Na einfach mal Retoure v0m Kunden selber zahlen lassen. Wir sehen jeden Tag was bei uns ab geht bei den Retouren (betreiben eine Postfiliale im Ladengeschäft). Wie teilweise zurück gesendet wird, läuft unter Frechheit und keinerlei Respekt gegenüber fremden Eigentum. Sobald es im Geldbeutel an kommt, wird es automatisch weniger und auch konsequent Schadensersatz verlangen, wenn es 'gebraucht' zurück kommt. Schließlich hat der Kunde die Pflicht es so zurück zu senden wie es gekommen ist und z.B. bei Schuhen, nicht erst mal je Woche ne Gehprobe damit veranstalten. Das kann ein Kunde auch in einem stationären Laden nicht. Das Widerruf ist nur dafür da, das selbe zu machen oder prüfen wie in einem Ladengeschäft üblich. Alles darüber hinaus kann ein Schadensersatzforderung vom Händler aus lösen (wir machen das Grundsätzlich, wobei wir mit weniger wie 1% Retouren gesegnet sind).
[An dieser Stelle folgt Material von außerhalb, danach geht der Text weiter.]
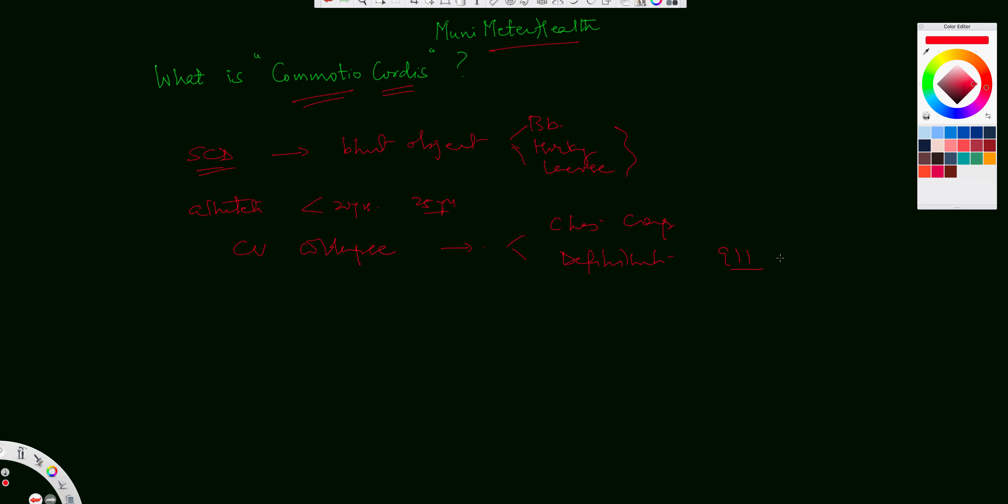and quickly the BLS or ACLS be initiated, like the basic life support or the advanced cardiac life support. So either of those could be initiated rather quick.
Aber fie Großen haben alle Angsr Marktanteil eu verlieren. Persönlich würde ich ne gesetzliche mindest Retoure Preis für Kunden von 5€ begrüßen. Dann wird sicherlich überlegter bestellt.
SHIRT-GALERIE.de
25.09.2025
Das kann ich nur befürworten. Wir verlangen Versandkosten von 2,95€ pro Paket. Die müssen wir dem Kunden bei einer Retoure plus die Versandkosten der zurückgeschickten Ware zurückerstatten. Retourengeld von 3,--€ würden auch schon ausreichen, um dieses Ausnutzen einzudämmen.